Highly meticulous, Mogens was in the habit of writing many versions and revisions of each paper, and publishing a paper or a chapter with him always meant sweating through at least a dozen versions. He always insisted that the message must be crystal clear, the shortest possible, with words chosen economically. I must confess I am relieved that Mogens will comment on this eulogy only from ‘the other side’. To wit, when I drafted our first joint paper in 1968, the text had 41 pages. After Mogens' revisions, seven pages were sent for publication to the British Journal of Psychiatry.
An abiding memory for me is of Mogens lecturing; often serious and at times witty and amusing his message was always intriguing and crystal clear, polished to perfection and dead on as to the allotted time. He never exceeded his time by even a second. Strikingly, respect for allotted time was strictly adopted by anyone who had ever trained under him, or had worked closely with him.
Mogens retired in 1988, but his retirement was anything but that. After his retirement he continued his mission, publishing at a rate and of quality that would be the envy of most ‘working’ psychiatrists. Mogens was a life-long learner. He taught himself computer programming and particularly enjoyed mastering new technology whenever it presented itself to further his mission.
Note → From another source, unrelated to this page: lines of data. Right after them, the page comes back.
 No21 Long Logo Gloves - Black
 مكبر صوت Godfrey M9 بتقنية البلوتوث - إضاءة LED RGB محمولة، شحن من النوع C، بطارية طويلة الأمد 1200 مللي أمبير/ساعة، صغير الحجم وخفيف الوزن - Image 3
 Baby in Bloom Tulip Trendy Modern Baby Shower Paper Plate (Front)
His sight and hearing frustrated and handicapped him during the last couple of years. However, his writing remained creative, his mind radiant and his sense of hilarity fully alive to the very end. The weekend before his death he presented at the IGSLI meeting in Poznan, Poland, and proposed a new study in ‘hidden bipolars’ (ie patients with depressions who in fact have unrecognized bipolar disorder).
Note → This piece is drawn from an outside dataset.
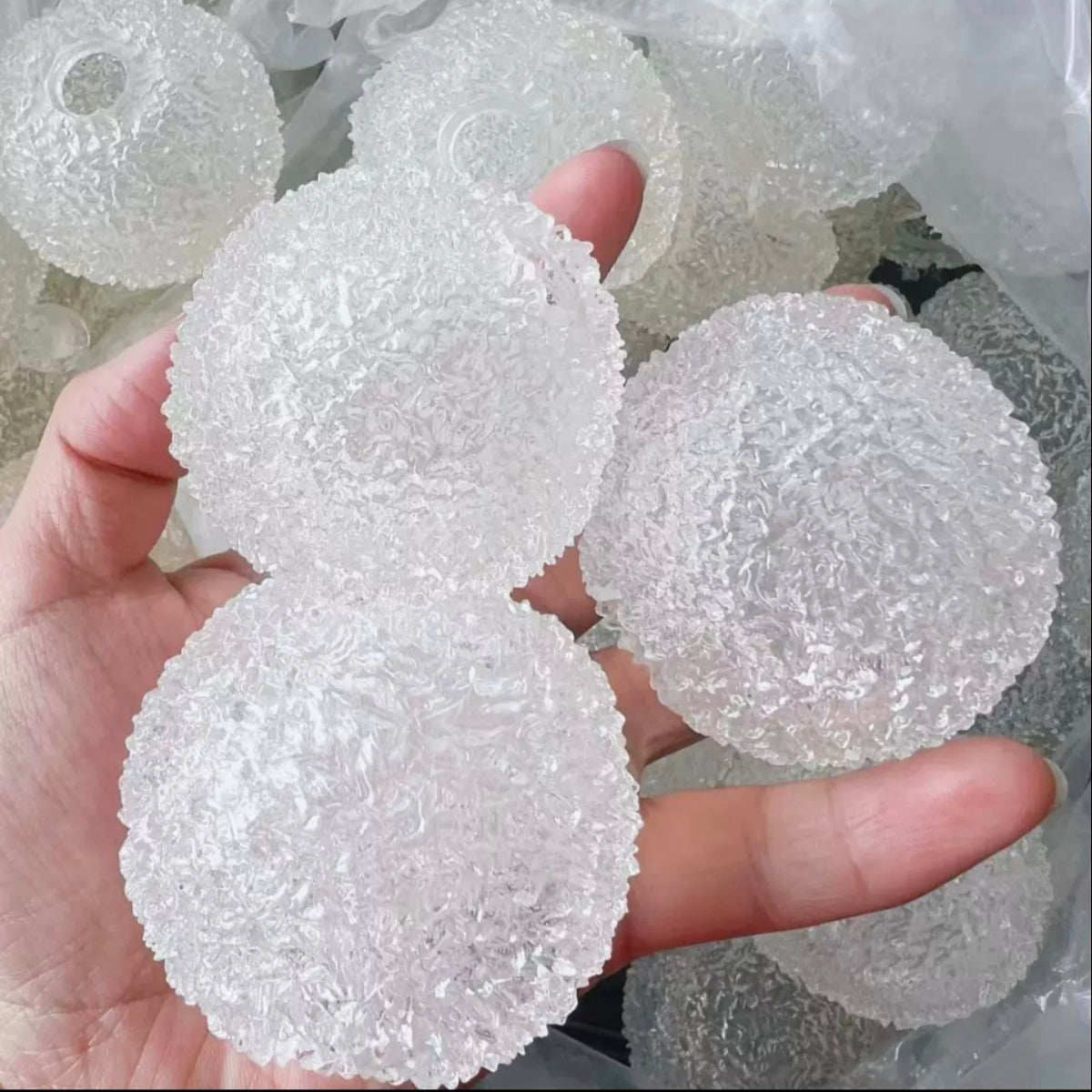 Clear Bayberry Textured Stress Ball Skin Pack of 10 with Stopper (6cm)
In recent years he was also preoccupied with what he called his Swan Song. It had three themes:
First, he was concerned that the evidence about stabilizing effects of lithium in recurrent depressive disorders—‘hidden bipolars’—did not have much impact on clinical practice, to the detriment of many patients in need. He, of course, found it highly gratifying that his major findings shaped clinical practice but was troubled that one important aspect of his work had not fully reached the patients in need, namely the benefits of lithium in many recurrent depressions.
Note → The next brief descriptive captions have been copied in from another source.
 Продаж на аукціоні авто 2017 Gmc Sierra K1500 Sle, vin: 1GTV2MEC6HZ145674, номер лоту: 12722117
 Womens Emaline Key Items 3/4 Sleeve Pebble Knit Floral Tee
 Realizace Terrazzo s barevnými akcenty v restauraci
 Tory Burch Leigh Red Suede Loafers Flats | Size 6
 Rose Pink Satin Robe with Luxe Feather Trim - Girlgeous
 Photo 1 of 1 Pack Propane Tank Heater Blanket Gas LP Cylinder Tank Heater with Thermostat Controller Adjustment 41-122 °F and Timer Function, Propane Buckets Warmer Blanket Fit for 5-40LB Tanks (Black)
Second, he stressed the unique antisuicidal properties of lithium. Patients attempt or commit suicide 10–15 times less often when they are on lithium than when they are not. Mogens felt that this observation is still largely overlooked, or at least rarely quoted.
Third, he was also much preoccupied with the future of psychiatry, sufficient use of lithium and other prophylactic treatments in recurrent mood disorder and the possible impact of genetic discoveries on bipolar illness.
He was determined to do more research work and when he finally collapsed on 29th of September, it was in the middle of working on another manuscript. He achieved what he intended to do: ‘If this should happen to be my swan song, I want at least to be a swan with these messages… I shall repeat that song whenever there is a chance until my dying day’.
Mogens never left a task undone. In fact, after his death, his family found extensive instructions for his funeral arrangements on his computer. True to his nature, and ever planning ahead, Mogens mentioned to me recently that he had completed his autobiography for publication. There are also several previously published papers about Mogens Schou, offering extensive biographical content, much more than I can provide here.